----- Records for this exercise -----

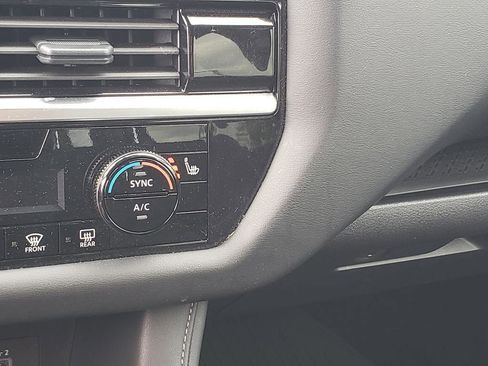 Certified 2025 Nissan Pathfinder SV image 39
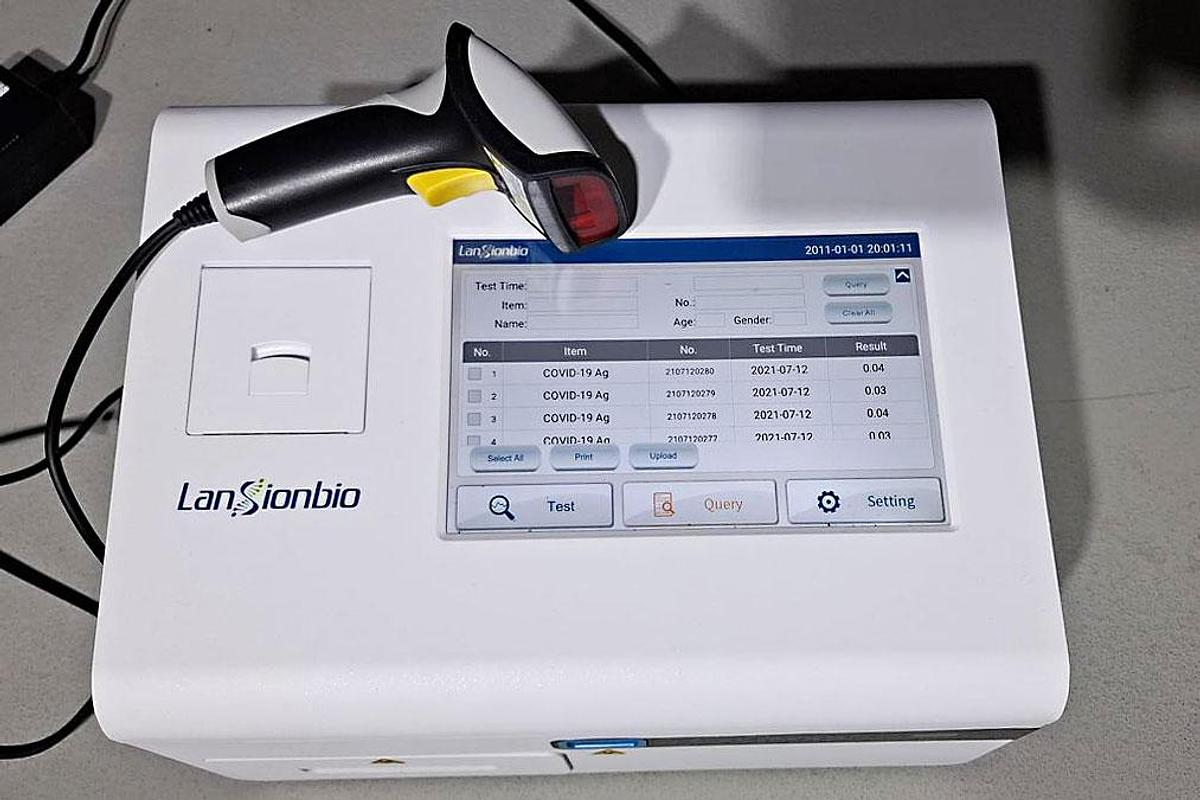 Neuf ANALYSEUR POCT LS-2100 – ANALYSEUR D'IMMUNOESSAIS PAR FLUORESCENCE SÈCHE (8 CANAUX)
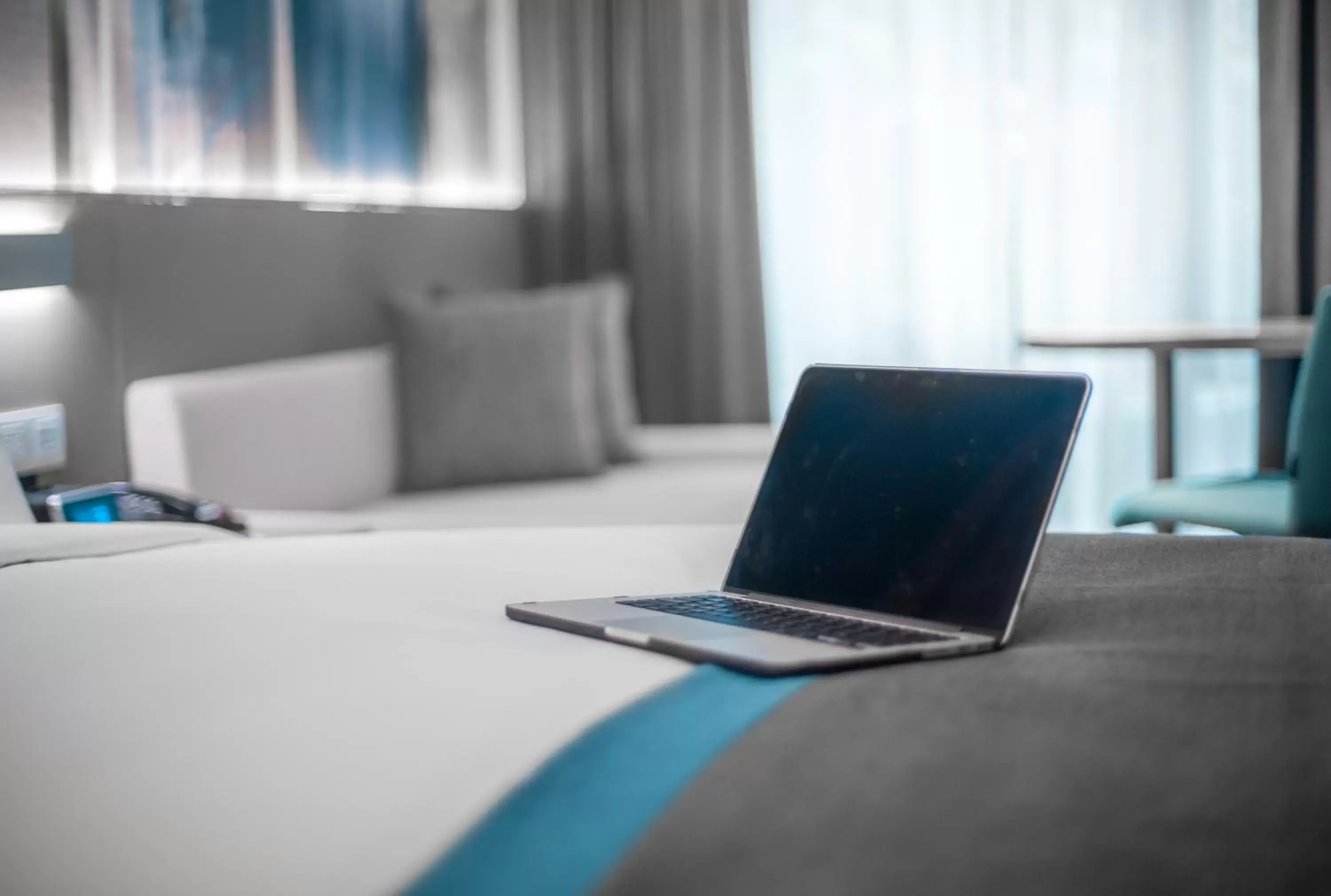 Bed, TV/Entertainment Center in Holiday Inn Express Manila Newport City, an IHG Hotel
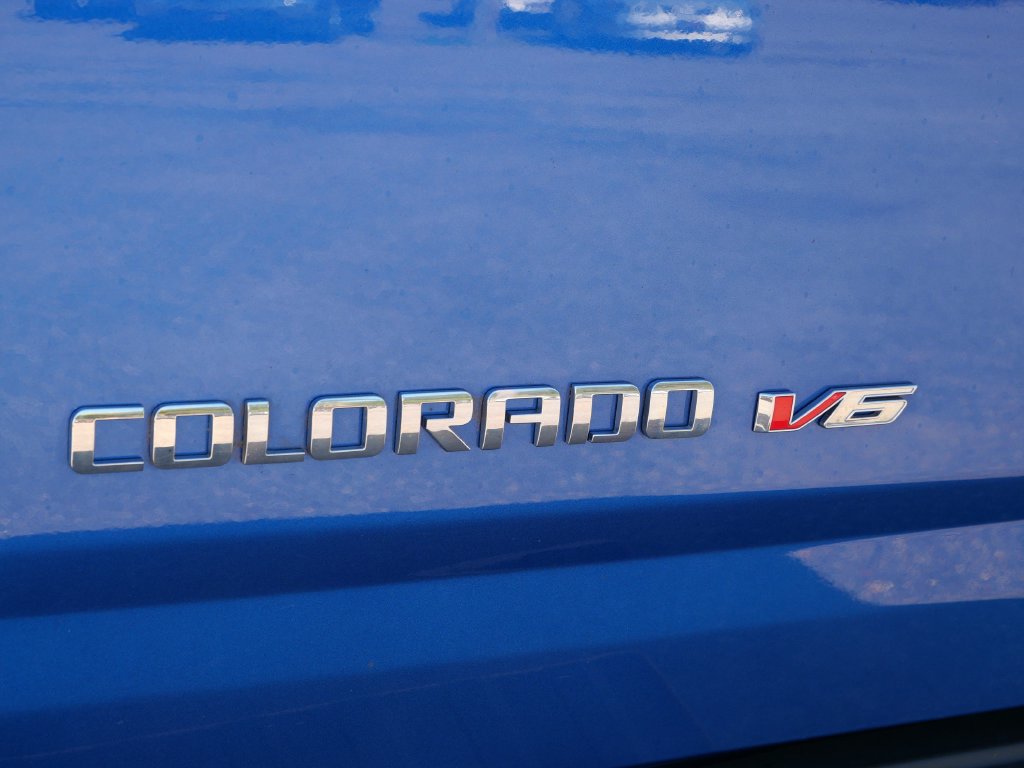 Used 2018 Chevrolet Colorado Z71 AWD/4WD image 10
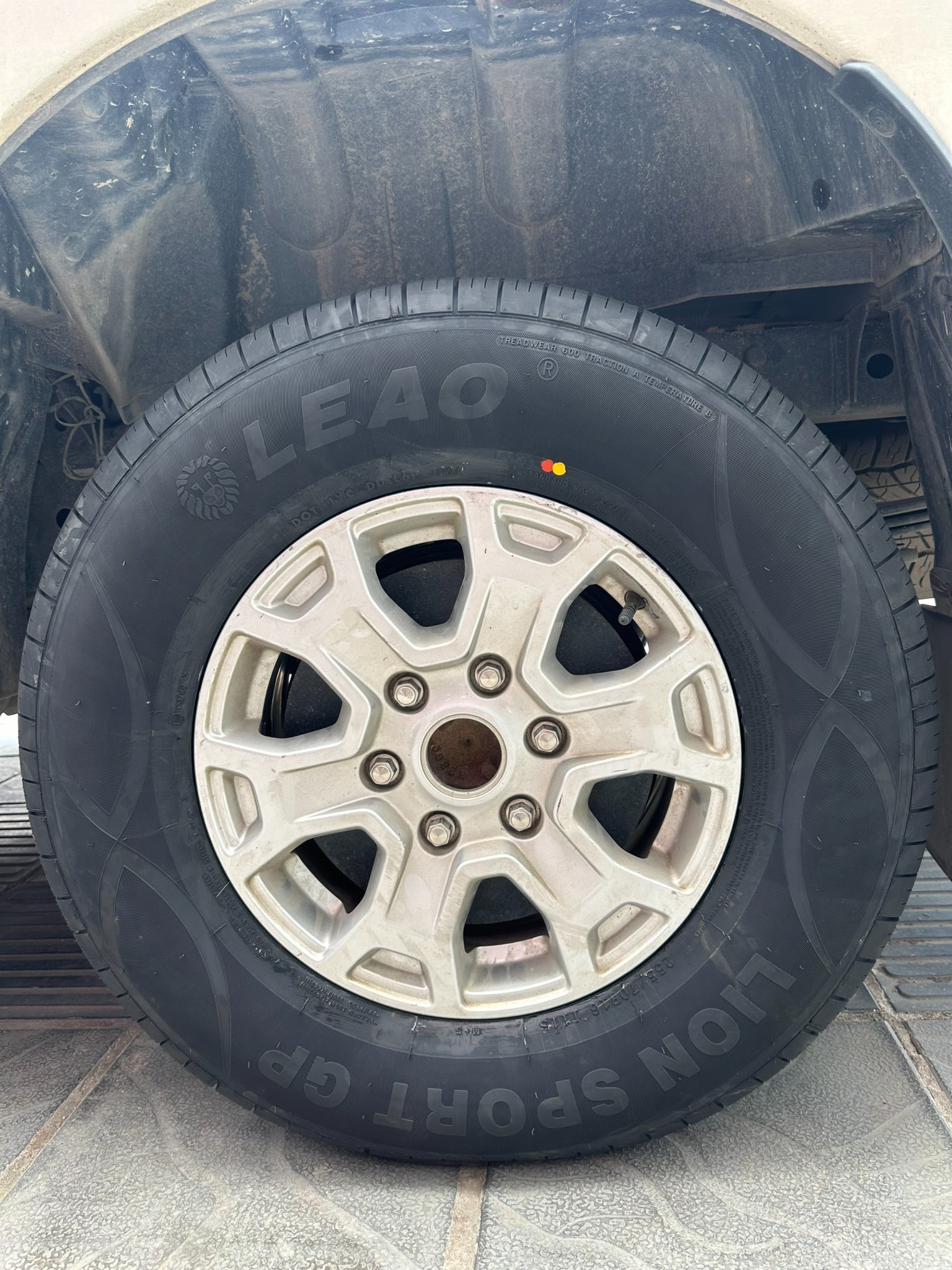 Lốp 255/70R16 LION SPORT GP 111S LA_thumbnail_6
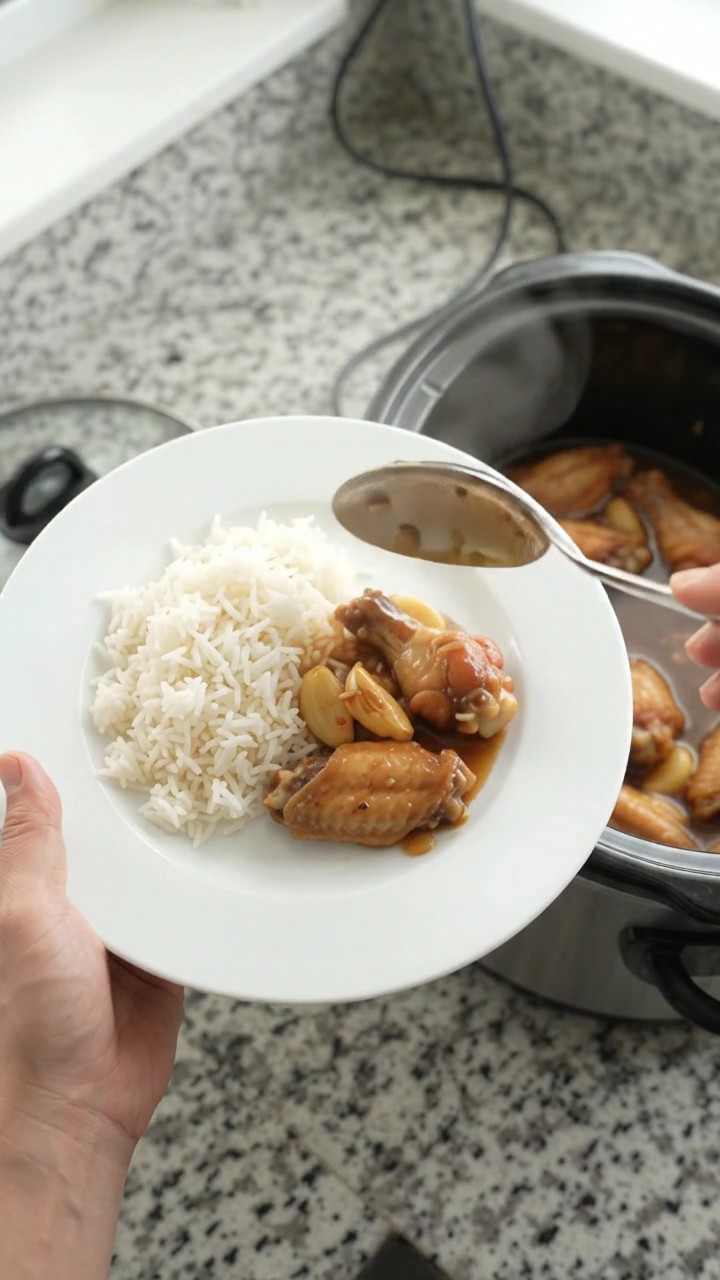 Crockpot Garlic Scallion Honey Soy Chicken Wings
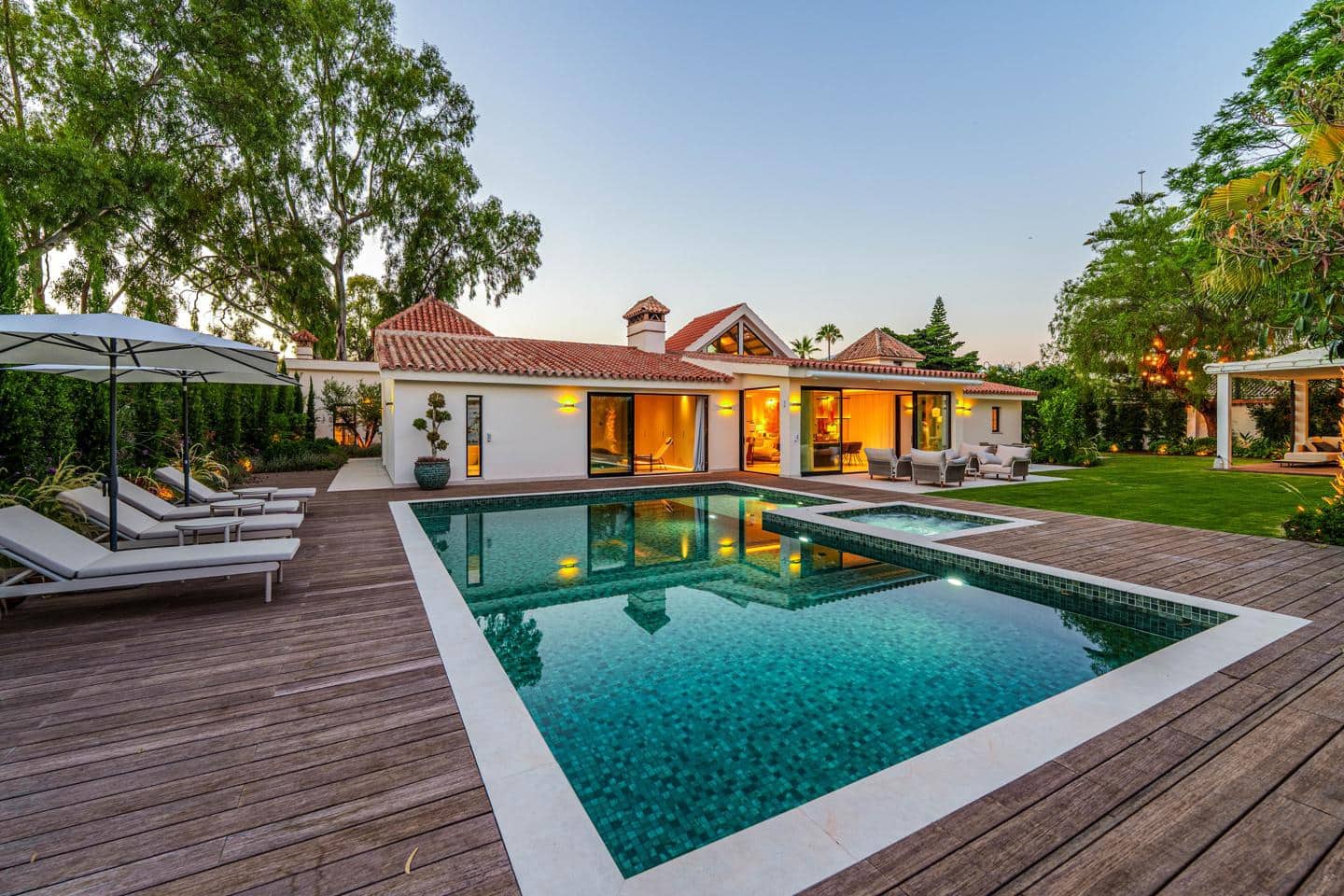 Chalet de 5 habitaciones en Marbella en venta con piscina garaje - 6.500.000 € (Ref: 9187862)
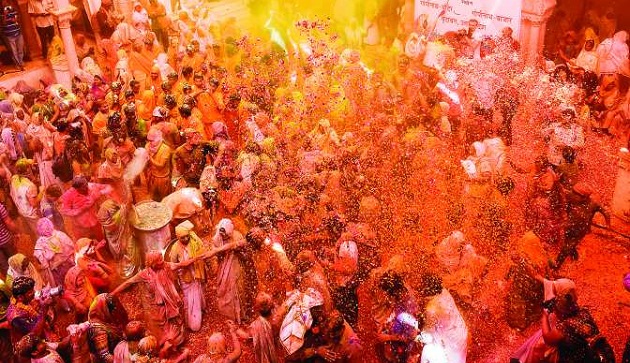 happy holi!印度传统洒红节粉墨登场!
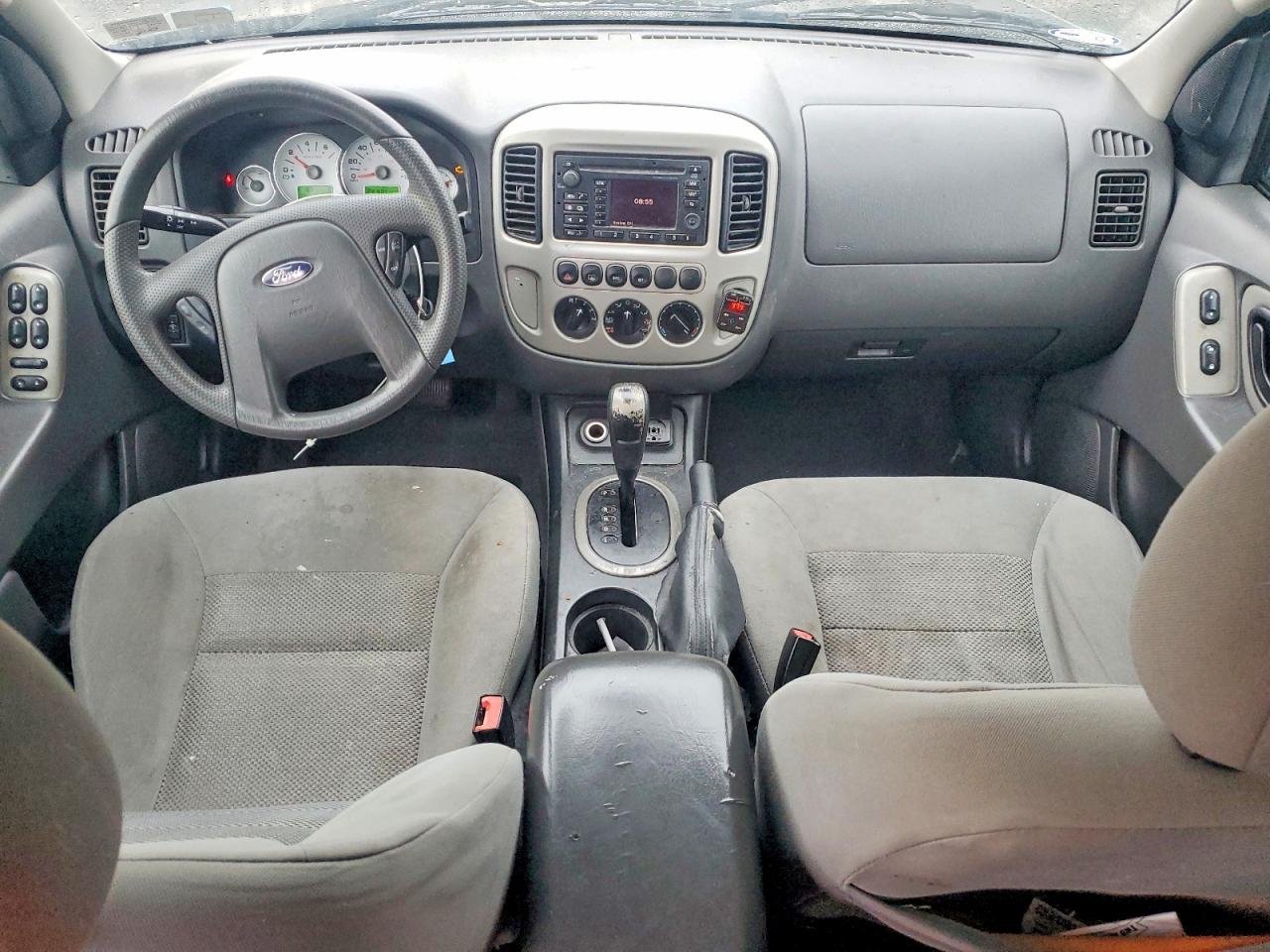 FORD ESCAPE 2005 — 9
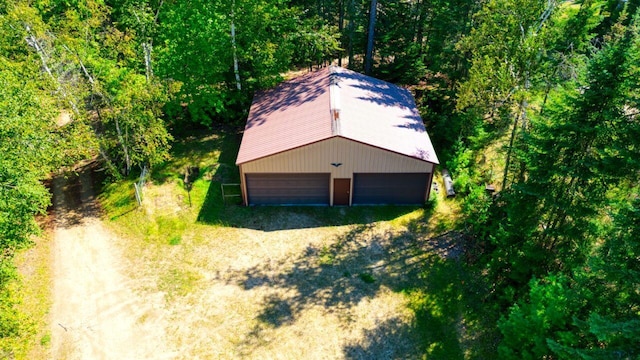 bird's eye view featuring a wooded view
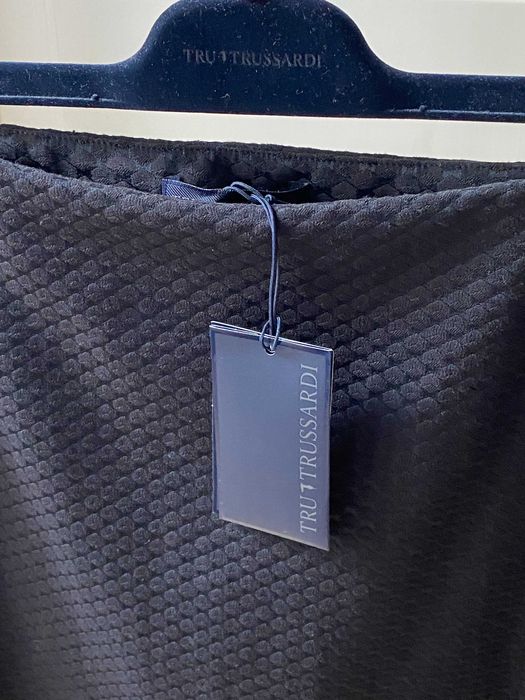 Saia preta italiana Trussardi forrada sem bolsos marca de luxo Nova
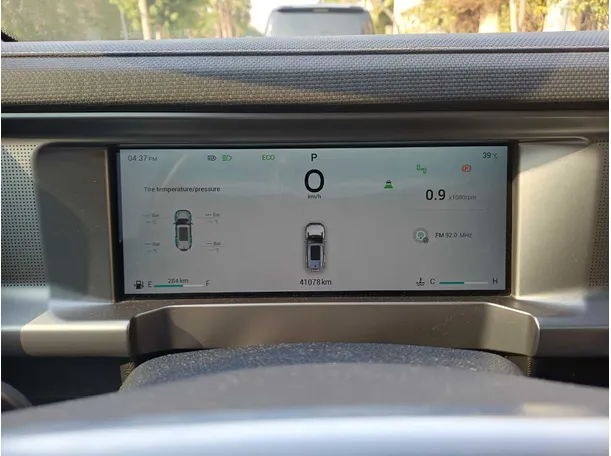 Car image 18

-----

*Exercise goal:*
Write out, exactly as they stand, the line with "Chalet de 5" and every line after it through the end of the entries above; omit the pictures.

*Answer section:*
 Chalet de 5 habitaciones en Marbella en venta con piscina garaje - 6.500.000 € (Ref: 9187862)
 happy holi!印度传统洒红节粉墨登场!
 FORD ESCAPE 2005 — 9
 bird's eye view featuring a wooded view
 Saia preta italiana Trussardi forrada sem bolsos marca de luxo Nova
 Car image 18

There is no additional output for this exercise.